> The data
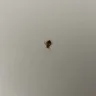 Days Inn - bed bugs & poor customer service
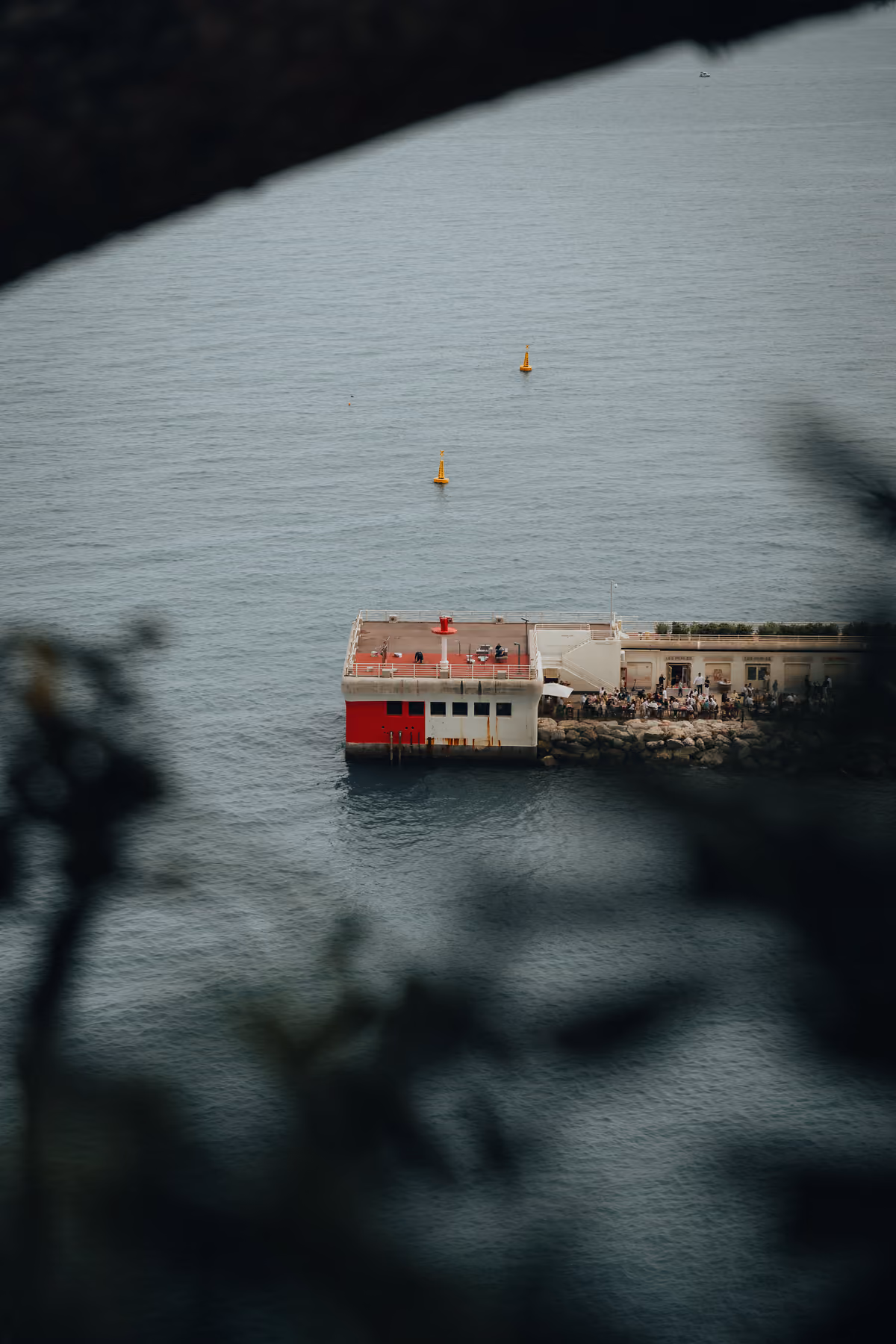 Harbor glimpsed through out-of-focus foliage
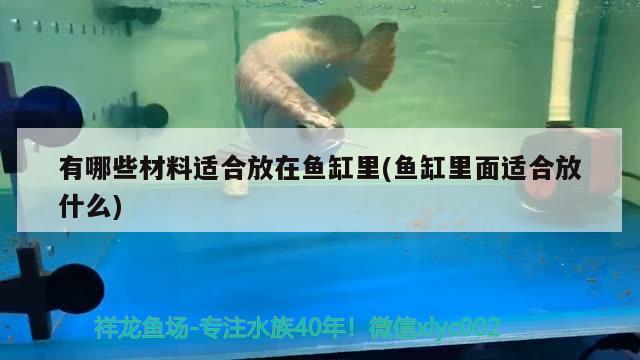 有哪些材料適合放在魚缸里(魚缸里面適合放什么)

> Directions
The reply should consist only of the lines running from the one with "Harbor glimpsed through out-of-focus foliage" through the end of the material, both included, copied exactly; please omit pictures.

> Answer
 Harbor glimpsed through out-of-focus foliage
 有哪些材料適合放在魚缸里(魚缸里面適合放什么)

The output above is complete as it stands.